Yesterday, the Obama administration announced its deportation numbers for the past fiscal year. While some headlines focused on the fact that deportations declined compared to the previous year, the sad and simple truth is that the Obama Administration is still deporting more immigrants than any other Administration in history.
President Obama is on track to hit the two millionth deportation under his watch in the first months of 2014 – over one thousand people continue to be deported every day. DHS announced prosecutorial discretion policies in 2011 aimed at focusing immigration enforcement on the ‘worst of the worst,’ and yet these policies have never been fully implemented. As Frank Sharry noted yesterday, “There is a huge gap between what they say and what they do…They claim that most of those being deported are ‘convicted criminals’ – a scary label until you realize that their own definitions of ‘convicted criminals’ include traffic violations and minor nuisance offenses (see here and here for explanations).
Not only are the numbers missing context, but the persistent focus on statistics means that we lose focus on those caught up in the deportation machinery (a system that arose over the past two decades and has been taken to new levels under the Obama Administration). Those deported include fathers, mothers, sisters, brothers. These are workers, business owners, enterpreneurs. We know some of their stories, like Brigido and Ardany, both of whom were recently deported despite public outcry. Both of whom would likely meet the criteria for citizenship under the Senate bill. Their stories, like so many others, get lost in the focus on data. The human story has rarely been told.
That’s why the new story from John Stanton at Buzzfeed is so important. Stanton has written an in-depth piece that captures the real lives and real families impacted by the Obama Administration’s record numbers of deportations and the House Republicans’ unwillingness to pass immigration reform: “The Deported: Life On The Wrong Side Of The Border For Repatriated Mexicans.”
The introductory paragraph is chilling:
For Mexicans in the U.S. sent “home” thanks to increased enforcement of American immigration laws, the country they’re returning to is far more dangerous than the one they initially escaped. They wind up in border towns like Tijuana, Nogales, and Juárez, separated from their families, with no money, no identity, and nowhere to go.
It’s a powerful and timely story, especially in light of the new ICE deportation numbers:
In the last five years more than 1.5 million undocumented migrants have been deported under the Obama administration, which has prioritized deportation in an effort to demonstrate its commitment to “border security” while pursuing legislation designed to provide the estimated 11 million undocumented migrants a path to citizenship. While the impacts of deportation on America may seemingly end at the border, for the deported — in Tijuana, for instance, deportation rates range from 200 to 500 repatriated Mexican citizens every day, while in Nogales 50, 150, or more — it means a whole new set of life-threatening challenges.
For anyone who cares about immigration policy, Stanton’s article is a must-read. The deportation machine created by the Obama administration is ripping apart families in the United States — and leaving many of the immigrants who it deports in dire and inhumane conditions. As he notes, Stanton looked at the situation facing deportees in Tijuana, Nogales and Juarez. This is an example of what he found they encounter in Tijuana:
For those who don’t fall in with the drug dealers and gangs, or who don’t quickly succumb to the harsh realities of life in El Bordo, there are few choices.

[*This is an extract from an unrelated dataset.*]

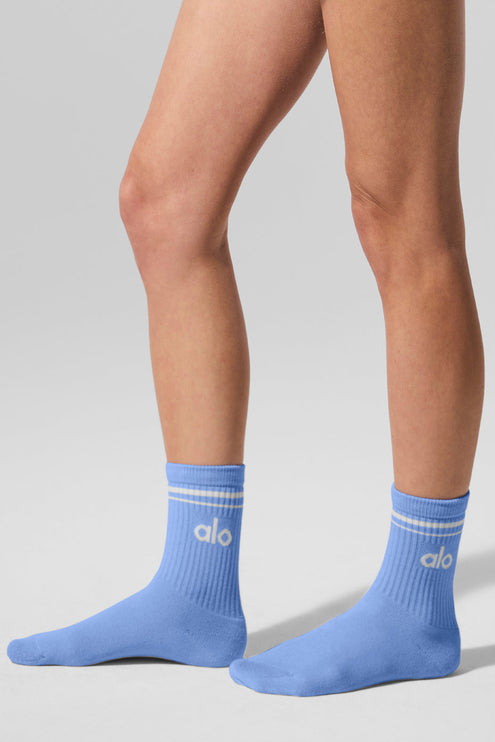 alo Men's Unisex Half-Crew Throwback Sock - Crystal Clear Blue/White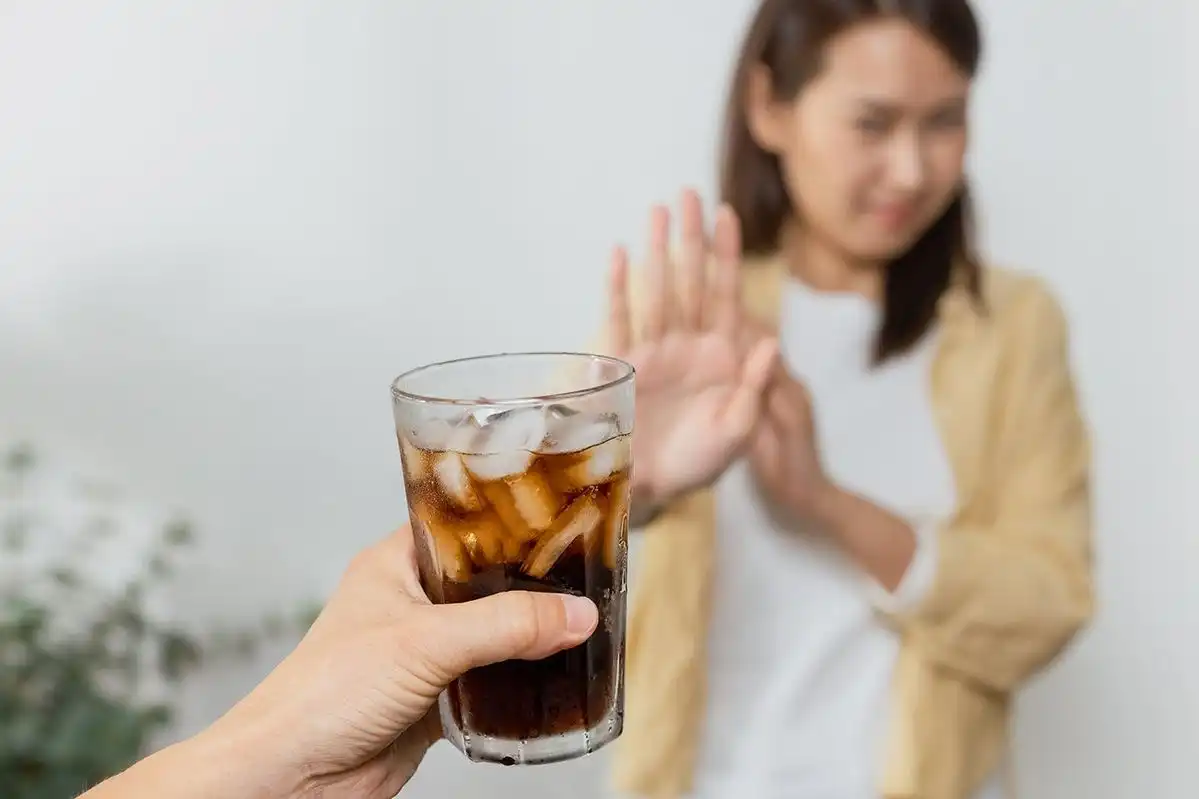 Mengapa Gigi Terasa Ngilu saat Mengonsumsi Minuman Dingin?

Some band together in small camps along the banks of the ditch, building crude shelters of sun-faded plastic tarps strung between piles of trash, huddling in the shade by day, shaking in the cold darkness of night, always anticipating the strike of a fist or boot. “The deportees in the canal are living in some of the worst conditions I’ve ever seen,” says Steffanie Strathdee, a researcher with the University of California at San Diego who’s also worked along the Pakistan–Afghanistan border, Islamabad, and inner-city Baltimore. “Nobody should have to live like this.”
The Mexican government offers only nominal assistance to recent deportees: Shelters run by the state take repatriated Mexicans in only for a couple weeks, and because many of them have no Mexican identification, finding work or accessing other services is nearly impossible. The few rays of hope these deportees find — Jesuits and nuns, medical researchers unwilling to turn a blind eye to the despair, and the handful of Mexican and American civilians unable to ignore it — are overwhelmed by the darkness. If illegal immigration is a tidal wave of humanity, then deportation is the riptide, tearing drug dealers, day laborers, restaurant managers, cousins, and mothers from the roots they’ve laid down in the U.S. and washing them back.
And while activists have successfully drawn attention to the price families torn apart by deportation in the U.S. pay as a result of the escalated enforcement, few Americans have ever even thought about what happens when deportees cross the border back into their “home.”
It’s as bad in the other two cities as Stanton details.